■ **Dataset excerpts**
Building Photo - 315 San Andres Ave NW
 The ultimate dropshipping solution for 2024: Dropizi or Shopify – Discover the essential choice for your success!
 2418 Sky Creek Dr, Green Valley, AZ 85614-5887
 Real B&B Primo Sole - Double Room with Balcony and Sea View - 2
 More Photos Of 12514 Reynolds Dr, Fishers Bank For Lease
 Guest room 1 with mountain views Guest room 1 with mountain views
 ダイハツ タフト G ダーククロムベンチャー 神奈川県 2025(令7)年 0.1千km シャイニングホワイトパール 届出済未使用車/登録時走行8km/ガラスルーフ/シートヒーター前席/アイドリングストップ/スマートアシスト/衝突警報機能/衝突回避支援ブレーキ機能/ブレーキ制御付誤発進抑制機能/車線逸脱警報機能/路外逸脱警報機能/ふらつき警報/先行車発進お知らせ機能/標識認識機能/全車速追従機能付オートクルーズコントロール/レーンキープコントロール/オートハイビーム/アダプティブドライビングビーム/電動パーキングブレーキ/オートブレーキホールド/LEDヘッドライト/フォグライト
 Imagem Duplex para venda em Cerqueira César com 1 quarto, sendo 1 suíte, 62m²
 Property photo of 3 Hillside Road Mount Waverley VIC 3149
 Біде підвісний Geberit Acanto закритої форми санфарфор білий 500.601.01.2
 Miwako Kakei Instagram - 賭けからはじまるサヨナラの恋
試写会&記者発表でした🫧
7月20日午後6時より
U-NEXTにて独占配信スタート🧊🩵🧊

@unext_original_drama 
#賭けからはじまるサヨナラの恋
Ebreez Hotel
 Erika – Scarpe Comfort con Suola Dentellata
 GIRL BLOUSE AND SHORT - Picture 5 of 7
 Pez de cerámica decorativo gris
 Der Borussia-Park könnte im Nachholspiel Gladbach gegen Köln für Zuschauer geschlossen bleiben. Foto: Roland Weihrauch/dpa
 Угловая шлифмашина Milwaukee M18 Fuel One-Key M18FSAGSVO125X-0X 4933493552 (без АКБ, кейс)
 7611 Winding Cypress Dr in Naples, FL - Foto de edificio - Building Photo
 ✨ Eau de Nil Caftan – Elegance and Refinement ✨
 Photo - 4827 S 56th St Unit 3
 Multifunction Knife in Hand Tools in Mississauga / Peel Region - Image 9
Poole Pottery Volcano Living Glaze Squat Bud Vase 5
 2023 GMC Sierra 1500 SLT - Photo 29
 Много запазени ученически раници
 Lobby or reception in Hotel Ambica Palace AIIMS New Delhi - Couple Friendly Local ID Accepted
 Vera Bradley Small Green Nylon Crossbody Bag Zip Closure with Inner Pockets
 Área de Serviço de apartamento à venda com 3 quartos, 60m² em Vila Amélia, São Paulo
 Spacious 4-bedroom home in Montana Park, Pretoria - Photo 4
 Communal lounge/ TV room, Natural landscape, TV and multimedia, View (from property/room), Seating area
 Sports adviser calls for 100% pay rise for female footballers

■ **EXERCISE DESCRIPTION**
Of the entries above, repeat exactly the lines between the line with "Pez de cerámica decorativo gris" and the line with "Photo - 4827 S 56th St Unit 3", inclusive, and no others.

■ **RESPONSE**
 Pez de cerámica decorativo gris
 Der Borussia-Park könnte im Nachholspiel Gladbach gegen Köln für Zuschauer geschlossen bleiben. Foto: Roland Weihrauch/dpa
 Угловая шлифмашина Milwaukee M18 Fuel One-Key M18FSAGSVO125X-0X 4933493552 (без АКБ, кейс)
 7611 Winding Cypress Dr in Naples, FL - Foto de edificio - Building Photo
 ✨ Eau de Nil Caftan – Elegance and Refinement ✨
 Photo - 4827 S 56th St Unit 3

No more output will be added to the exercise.